O ambiente é claro. Pela janela arredondada, a luz do fim de tarde e o clima urbano invadem a sala. O barulho das buzinas faz quase sumir os cochichos dos visitantes. Atentos, avaliam os quadros e fotos pendurados nas paredes. No centro, apoios recebem outras peças da exposição. Em comum entre elas está um dos mais antigos suportes do conhecimento, surgido na Idade Média: o livro.

 

Intitulada Sublevações do Livro: Objeto – Espaço – Matéria, a mostra realizada no início de dezembro reúne produções de participantes do Laboratório Inhotim, projeto educativo do Instituto, desenvolvido com alunos da rede municipal de Brumadinho/MG. Durante todo o ano de 2013, os alunos investigaram diferentes aspectos dessa antiga inovação técnica, que hoje aguarda o momento de se tornar obsoleta, ou não.

 

Entre as 17 experiências, estão duas de Rafaela Hermenegilda. “Quando comecei meu trabalho, pensei primeiramente em achar uma matéria ou objeto-chave.

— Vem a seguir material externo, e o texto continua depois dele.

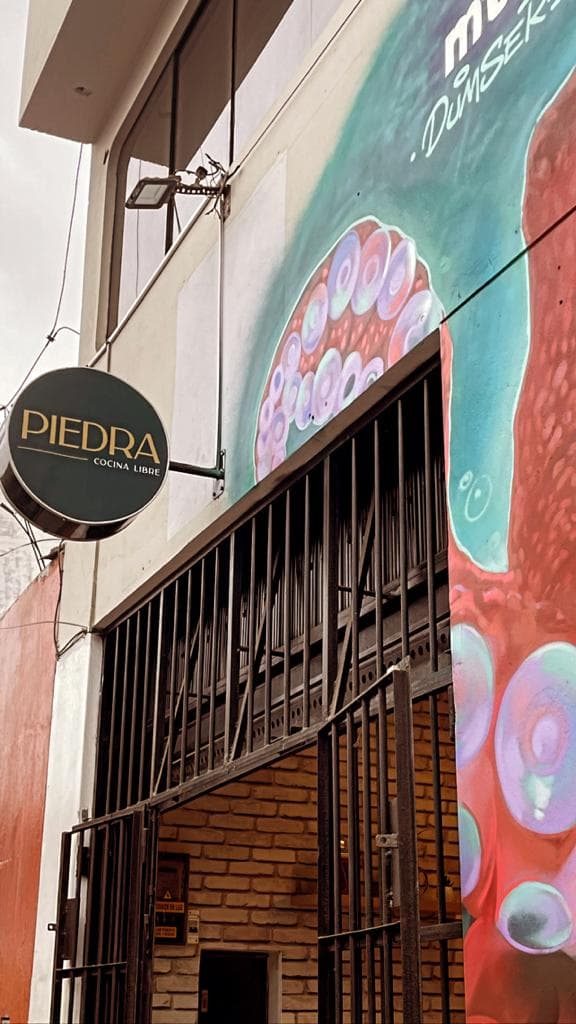 Piedra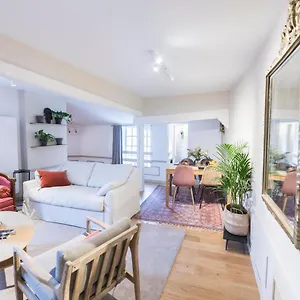 Sweet Centre Historique 65 M2 Rennes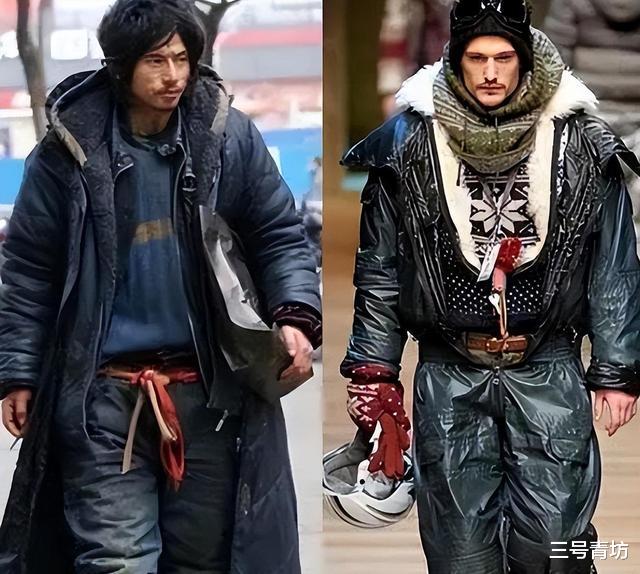 3年前,那个一夜爆红的乞丐“犀利哥”,为何如今看不到了?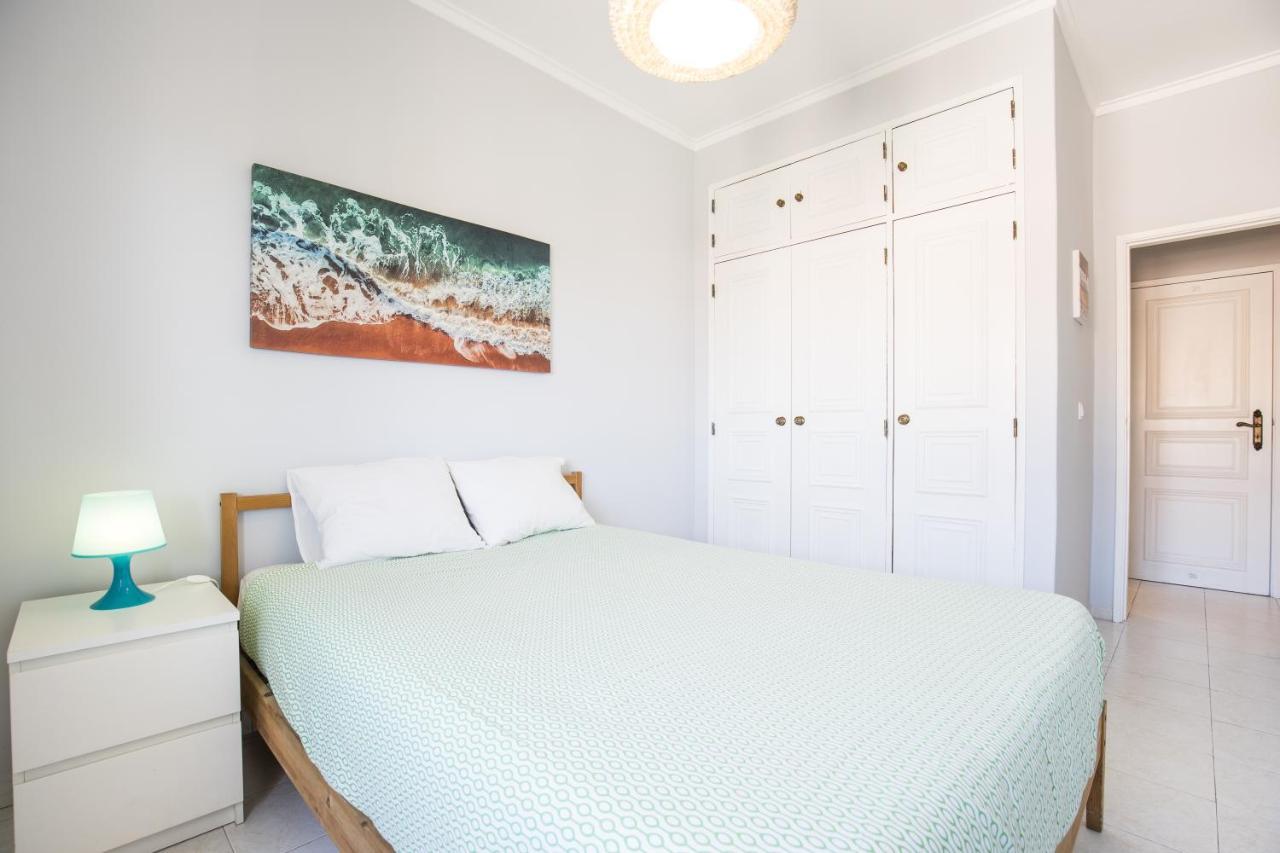 Hoso Apartments T1 Costa de Caparica Luaran gambar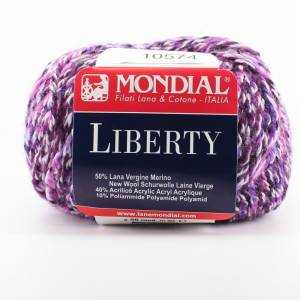 mondial liberty - Ref. 180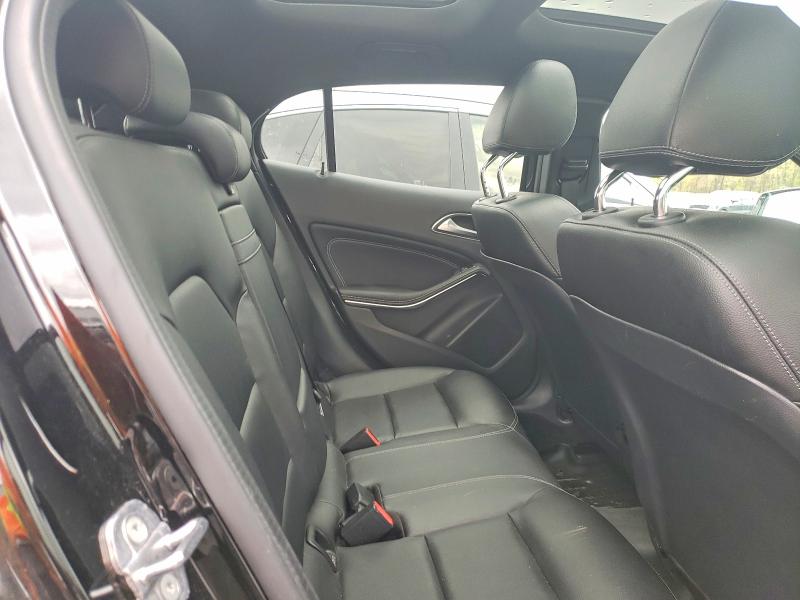 51835746 :رقم المزاد ، W1NTG4GB0LU029477 vin ، 2020 Mercedes-benz Gla مزاد بيع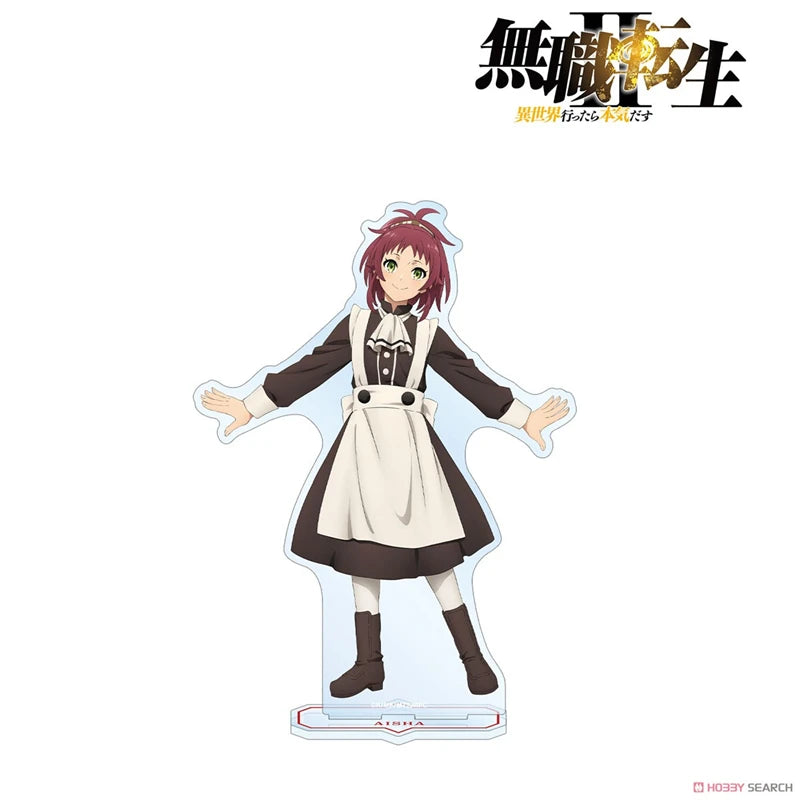 Mushoku Tensei Roxy Migurdia Acrylic Stand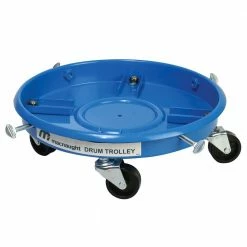 MACNAUGHT 20kg Drum Trolley TR5-01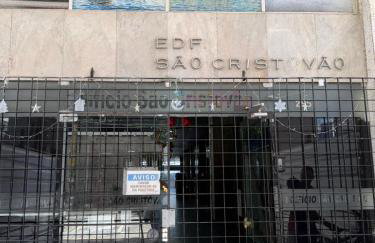 Apto Recife Aurora Mar e Rio - Photo 47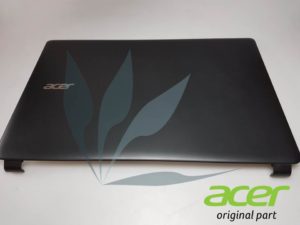Capot supérieur écran noir neuf d'origine Acer pour Acer Aspire E1-572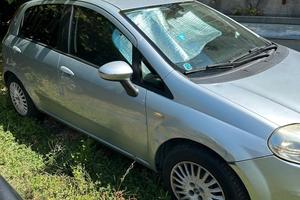 fiat Grande Punto 1.3 Multijet 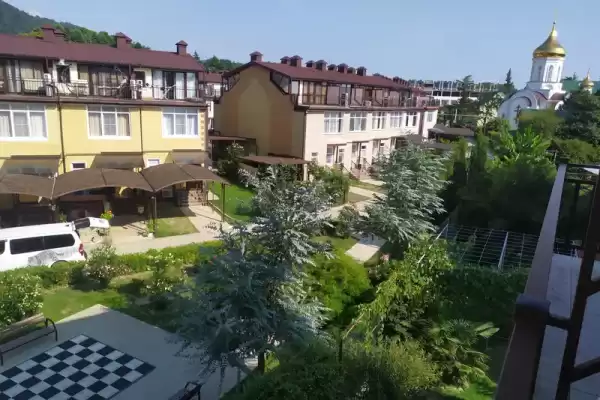 Гостевой дом «Ассоль» Гостевой дом «Ассоль»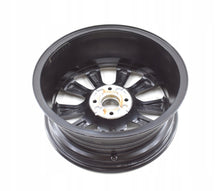 Laden Sie das Bild in den Galerie-Viewer, 1x Alufelge 16 Zoll 6.5" 4x100 403009561R Renault Clio IV 1 Rim Wheel FEL2486083746eb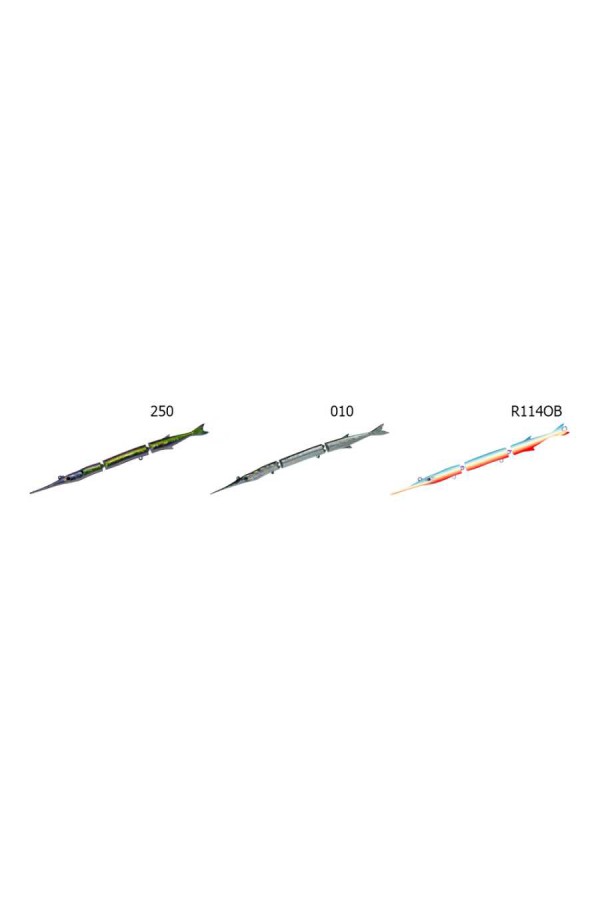 Strike Pro EG-072 P Needle Jointed Serisi Suni Yem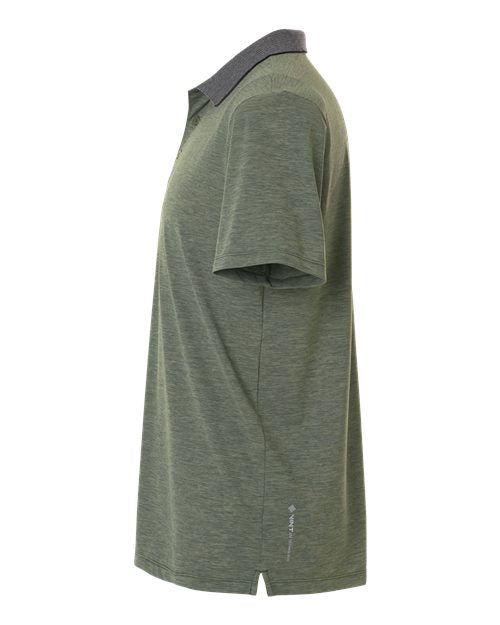 ANETIK Men's Transit Tech Polo MPTNTS0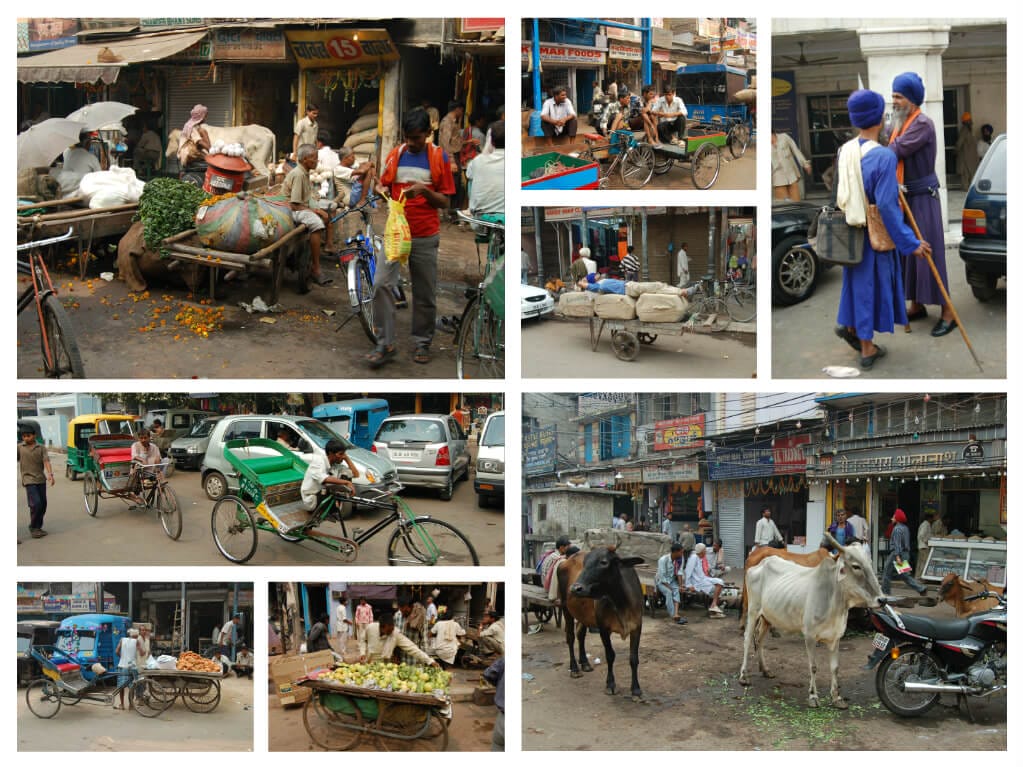 Chandni Chowk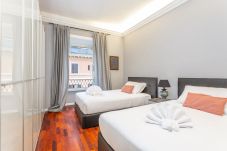 Apartment in Rome - The Vatican Dream 3BDR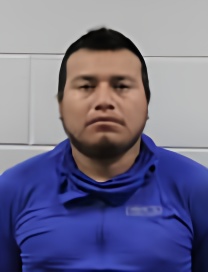Mugshot of MALDONADO LEONEL OSEGUERA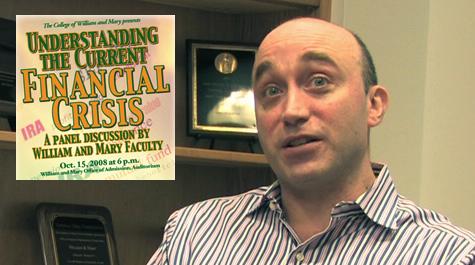 Understanding the current financial crisis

Entre vários, escolhi a árvore, já que é uma planta muito importante para o mundo e produz duas coisas essenciais à minha vida: o oxigênio e as folhas de papel que compõem os livros”, conta a menina, do alto de seus 14 anos. Para construir uma de suas propostas, Rafaela usou o livro como terreno fértil, literalmente. “A peça faz uma brincadeira de troca, já que a árvore passou a ser o receptor da escrita, e o livro teve que acolher a árvore”. Uma metáfora poética de como o conhecimento e a leitura podem fazer florescer belas ideias.

 

Laboratório Inhotim - Obra em exposiçãoAo plantar a espécie no livro, Rafaela atribuiu novos sentidos à literatura e à natureza Foto: Rossana Magri
 

 

Já em sua série de fotografias, é a árvore o esteio para a contação de histórias. “As pessoas escrevem nas árvores, registrando momentos especiais, ferindo-as com as palavras que resumem lembranças marcantes. Comecei a fotografar todas essas escritas que consegui achar. Desenvolvi a ideia de que elas são livros-objetos”. Sobre sua participação no projeto, ela resume: “Foi muito gratificante aprender um pouco sobre a arte e descobrir, talvez, uma profissão”.